**What you have to do:**
In your answer, transcribe all of the data exactly.
════════════════════
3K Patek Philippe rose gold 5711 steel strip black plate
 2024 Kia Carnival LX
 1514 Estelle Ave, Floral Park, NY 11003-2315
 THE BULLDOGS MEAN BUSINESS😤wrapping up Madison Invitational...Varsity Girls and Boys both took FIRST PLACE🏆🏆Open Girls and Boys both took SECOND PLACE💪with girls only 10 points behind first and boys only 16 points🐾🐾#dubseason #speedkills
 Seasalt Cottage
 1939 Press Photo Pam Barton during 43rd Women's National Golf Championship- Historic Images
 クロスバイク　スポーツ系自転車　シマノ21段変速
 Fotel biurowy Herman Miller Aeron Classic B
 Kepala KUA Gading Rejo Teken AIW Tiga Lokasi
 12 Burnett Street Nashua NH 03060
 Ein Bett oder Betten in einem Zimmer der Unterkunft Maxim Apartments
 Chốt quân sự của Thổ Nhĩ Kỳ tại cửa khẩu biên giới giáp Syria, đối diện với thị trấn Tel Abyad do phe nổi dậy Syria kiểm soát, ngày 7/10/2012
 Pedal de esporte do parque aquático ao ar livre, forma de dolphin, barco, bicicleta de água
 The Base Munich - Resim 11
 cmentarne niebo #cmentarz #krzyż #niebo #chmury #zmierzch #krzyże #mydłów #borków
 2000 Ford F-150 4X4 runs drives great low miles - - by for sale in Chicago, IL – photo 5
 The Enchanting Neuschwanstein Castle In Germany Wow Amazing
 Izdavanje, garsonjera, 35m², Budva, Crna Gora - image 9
════════════════════
**Response to the task:**
3K Patek Philippe rose gold 5711 steel strip black plate
 2024 Kia Carnival LX
 1514 Estelle Ave, Floral Park, NY 11003-2315
 THE BULLDOGS MEAN BUSINESS😤wrapping up Madison Invitational...Varsity Girls and Boys both took FIRST PLACE🏆🏆Open Girls and Boys both took SECOND PLACE💪with girls only 10 points behind first and boys only 16 points🐾🐾#dubseason #speedkills
 Seasalt Cottage
 1939 Press Photo Pam Barton during 43rd Women's National Golf Championship- Historic Images
 クロスバイク　スポーツ系自転車　シマノ21段変速
 Fotel biurowy Herman Miller Aeron Classic B
 Kepala KUA Gading Rejo Teken AIW Tiga Lokasi
 12 Burnett Street Nashua NH 03060
 Ein Bett oder Betten in einem Zimmer der Unterkunft Maxim Apartments
 Chốt quân sự của Thổ Nhĩ Kỳ tại cửa khẩu biên giới giáp Syria, đối diện với thị trấn Tel Abyad do phe nổi dậy Syria kiểm soát, ngày 7/10/2012
 Pedal de esporte do parque aquático ao ar livre, forma de dolphin, barco, bicicleta de água
 The Base Munich - Resim 11
 cmentarne niebo #cmentarz #krzyż #niebo #chmury #zmierzch #krzyże #mydłów #borków
 2000 Ford F-150 4X4 runs drives great low miles - - by for sale in Chicago, IL – photo 5
 The Enchanting Neuschwanstein Castle In Germany Wow Amazing
 Izdavanje, garsonjera, 35m², Budva, Crna Gora - image 9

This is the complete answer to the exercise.